Task description:
Find the line with "Haut 'Sakura Flower'" in the data below. Repeat it and every line after it up to the end, exactly, but drop the pictures.
==== Material for the task ====
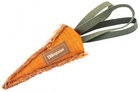 Дарэлл 0231/Игрушка д/собак тягалка-аппорт Морковь с тройной ручкой 25 см.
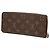 Cartera larga Louis Vuitton Brown Monogram Clemence Castaño - vista 2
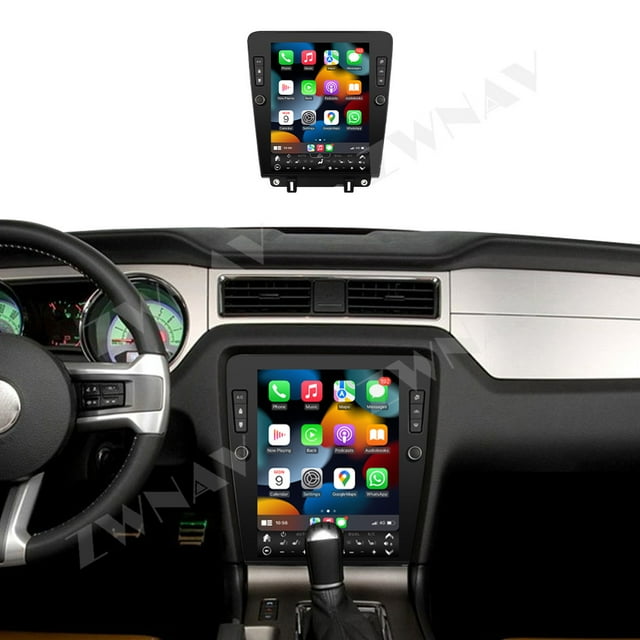 ZWNAV 12.1 inch Android 14 Car Radio CarPlay for Ford Mustang 2010-2014 Touch Screen Multimedia Player GPS Navigation Head Unit BT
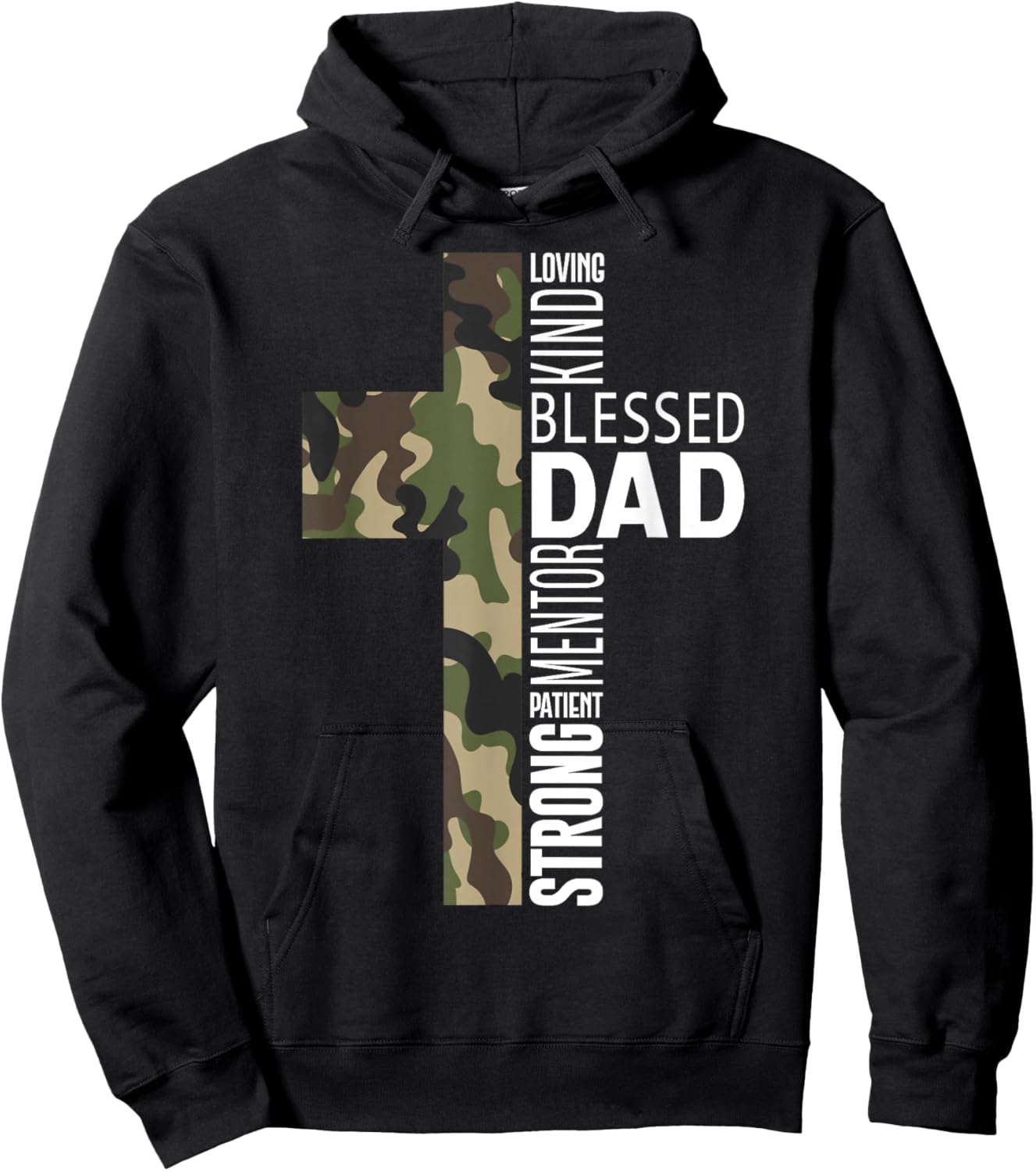 Christian Lovers Man of God Dad Jesus Faith Man of God Dad Hoodie - Hoodie | Black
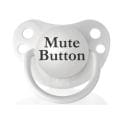 Shop Personalized Pacifiers Mute Button Pacifier Free Shipping On Orders Over Overstock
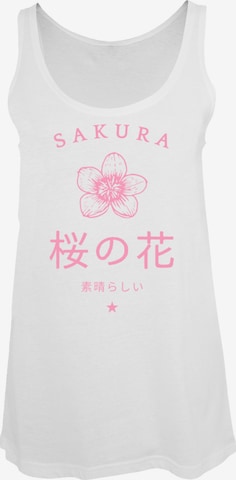 Haut 'Sakura Flower' F4NT4STIC en blanc : devant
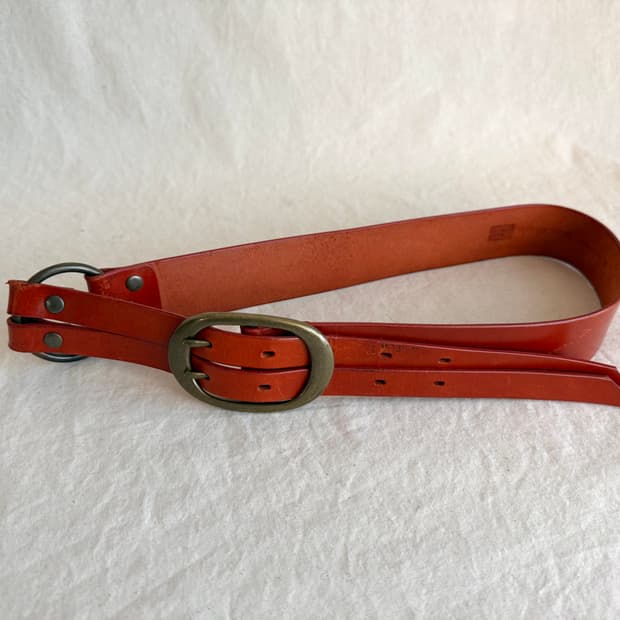 TRANS CONTINENTS 리얼 레더 벨트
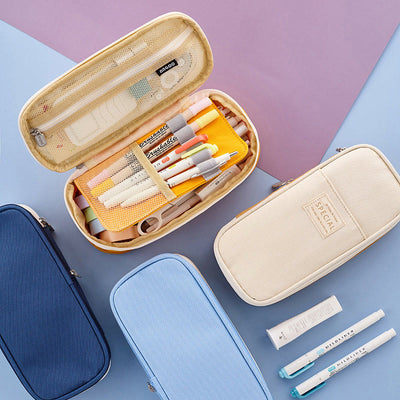 Pencil Case For Study Color Matching Large Capacity Pencil Bag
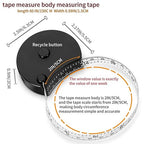 Tape Measure Body Measuring Tape Window Reading Retractable Soft Dual-Scale Tape with Lock Button for Weight Loss Muscle Building Sewing Tailor pet & Medical Measurements 60inch Fashion Tape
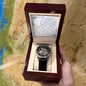 Men's Openwork Watch For Husband ~Hebrews 11:1~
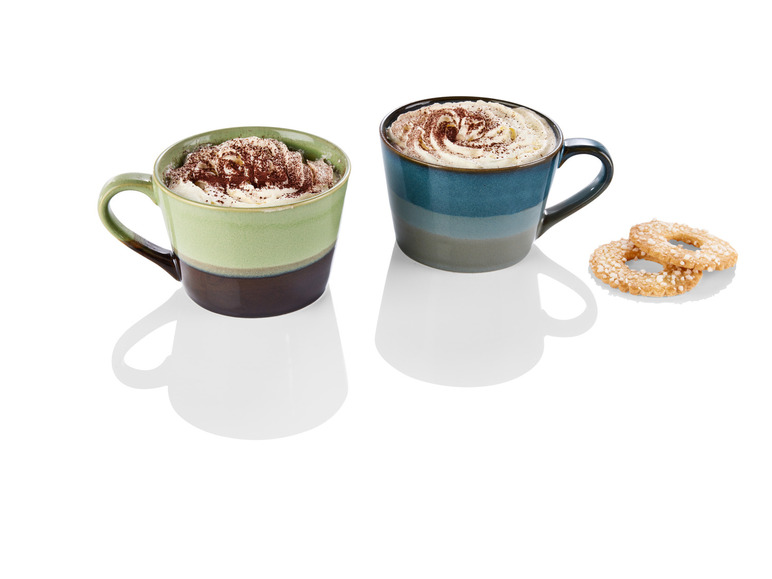 Gehe zu Vollbildansicht: LIVARNO home Kaffeetassen Set / Kaffeekanne, aus glasiertem Steingut - Bild 25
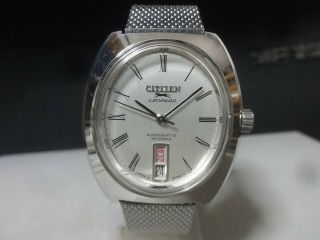 Vintage 1970 Citizen Automatic Watch [leopard Beat 10] 28j 36000bph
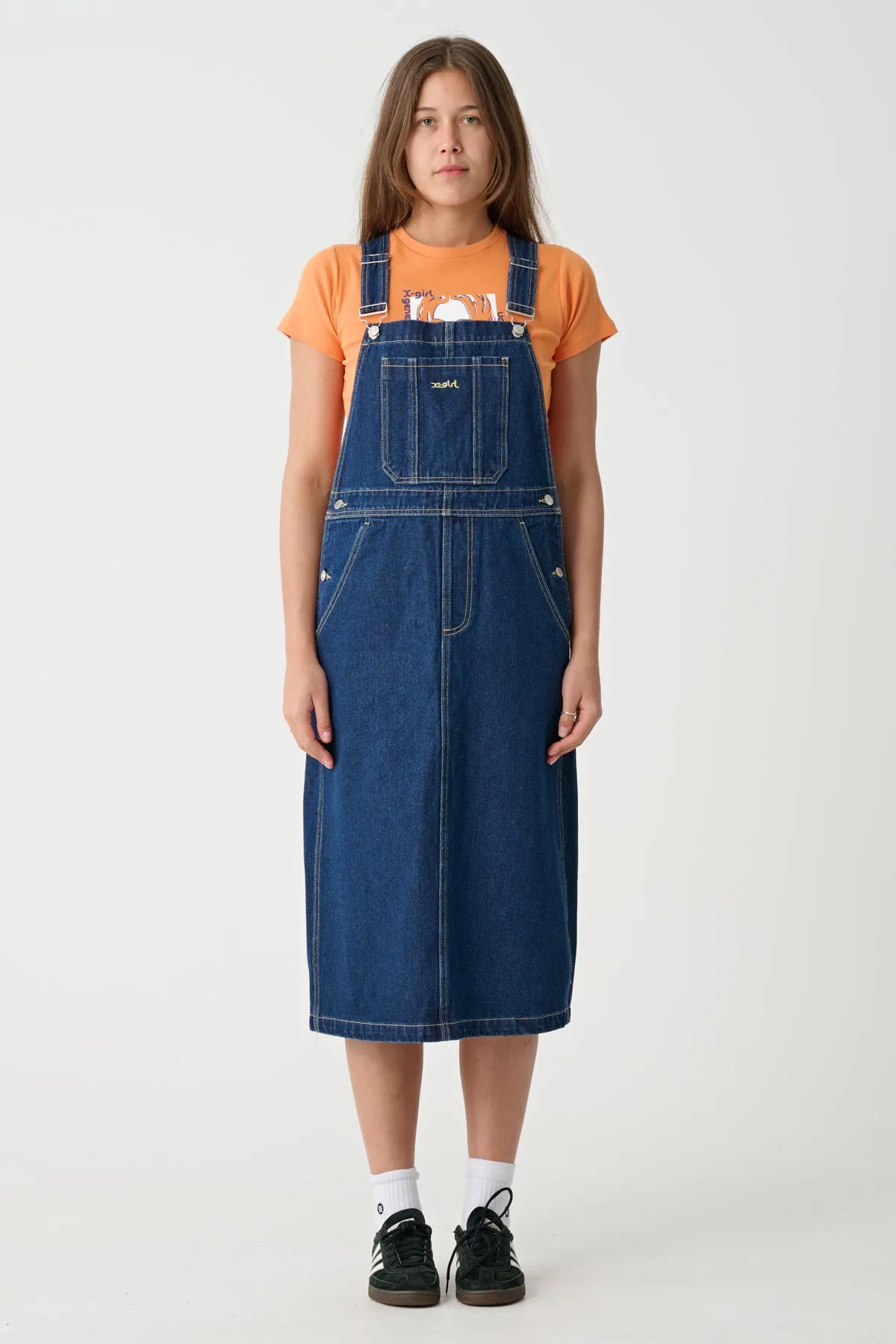 MILLS OVERALL DRESS - Dark Denim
====
Exercise output:
 Haut 'Sakura Flower' F4NT4STIC en blanc : devant
 TRANS CONTINENTS 리얼 레더 벨트
 Pencil Case For Study Color Matching Large Capacity Pencil Bag
 Tape Measure Body Measuring Tape Window Reading Retractable Soft Dual-Scale Tape with Lock Button for Weight Loss Muscle Building Sewing Tailor pet & Medical Measurements 60inch Fashion Tape
 Men's Openwork Watch For Husband ~Hebrews 11:1~
 Gehe zu Vollbildansicht: LIVARNO home Kaffeetassen Set / Kaffeekanne, aus glasiertem Steingut - Bild 25
 Vintage 1970 Citizen Automatic Watch [leopard Beat 10] 28j 36000bph
 MILLS OVERALL DRESS - Dark Denim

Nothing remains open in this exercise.